[Regression] drm/scheduler: track GPU active time per entity

Tue Apr 4 04:31:35 UTC 2023

On 2023-03-28 04:54, Lucas Stach wrote:
> Hi Danilo,
> 
> Am Dienstag, dem 28.03.2023 um 02:57 +0200 schrieb Danilo Krummrich:
>> Hi all,
>>
>> Commit df622729ddbf ("drm/scheduler: track GPU active time per entity") 
>> tries to track the accumulated time that a job was active on the GPU 
>> writing it to the entity through which the job was deployed to the 
>> scheduler originally. This is done within drm_sched_get_cleanup_job() 
>> which fetches a job from the schedulers pending_list.
>>
>> Doing this can result in a race condition where the entity is already 
>> freed, but the entity's newly added elapsed_ns field is still accessed 
>> once the job is fetched from the pending_list.
>>
>> After drm_sched_entity_destroy() being called it should be safe to free 
>> the structure that embeds the entity. However, a job originally handed 
>> over to the scheduler by this entity might still reside in the 
>> schedulers pending_list for cleanup after drm_sched_entity_destroy() 
>> already being called and the entity being freed. Hence, we can run into 
>> a UAF.
>>
> Sorry about that, I clearly didn't properly consider this case.
> 
>> In my case it happened that a job, as explained above, was just picked 
>> from the schedulers pending_list after the entity was freed due to the 
>> client application exiting. Meanwhile this freed up memory was already 
>> allocated for a subsequent client applications job structure again. 
>> Hence, the new jobs memory got corrupted. Luckily, I was able to 
>> reproduce the same corruption over and over again by just using 
>> deqp-runner to run a specific set of VK test cases in parallel.
>>
>> Fixing this issue doesn't seem to be very straightforward though (unless 
>> I miss something), which is why I'm writing this mail instead of sending 
>> a fix directly.
>>
>> Spontaneously, I see three options to fix it:
>>
>> 1. Rather than embedding the entity into driver specific structures 
>> (e.g. tied to file_priv) we could allocate the entity separately and 
>> reference count it, such that it's only freed up once all jobs that were 
>> deployed through this entity are fetched from the schedulers pending list.
>>
> My vote is on this or something in similar vain for the long term. I
> have some hope to be able to add a GPU scheduling algorithm with a bit
> more fairness than the current one sometime in the future, which
> requires execution time tracking on the entities.

Danilo,

Using kref is preferable, i.e. option 1 above.

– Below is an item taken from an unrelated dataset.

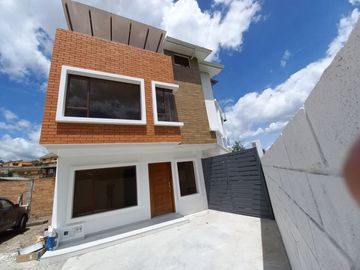 CASA EN VENTA DE TRES PISOS POR ESTRENAR CON SUITE INDEPENDIENTE, SECTOR CONTROL SUR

Lucas, can you shed some light on,

1. In what way the current FIFO scheduling is unfair, and
2. shed some details on this "scheduling algorithm with a bit
more fairness than the current one"? 

Regards,
Luben

> 
>> 2. Somehow make sure drm_sched_entity_destroy() does block until all 
>> jobs deployed through this entity were fetched from the schedulers 
>> pending list. Though, I'm pretty sure that this is not really desirable.
>>
>> 3. Just revert the change and let drivers implement tracking of GPU 
>> active times themselves.
>>
> Given that we are already pretty late in the release cycle and etnaviv
> being the only driver so far making use of the scheduler elapsed time
> tracking I think the right short term solution is to either move the
> tracking into etnaviv or just revert the change for now. I'll have a
> look at this.
> 
> Regards,
> Lucas
> 
>> In the case of just reverting the change I'd propose to also set a jobs 
>> entity pointer to NULL  once the job was taken from the entity, such 
>> that in case of a future issue we fail where the actual issue resides 
>> and to make it more obvious that the field shouldn't be used anymore 
>> after the job was taken from the entity.
>>
>> I'm happy to implement the solution we agree on. However, it might also 
>> make sense to revert the change until we have a solution in place. I'm 
>> also happy to send a revert with a proper description of the problem. 
>> Please let me know what you think.
>>
>> - Danilo
>>
>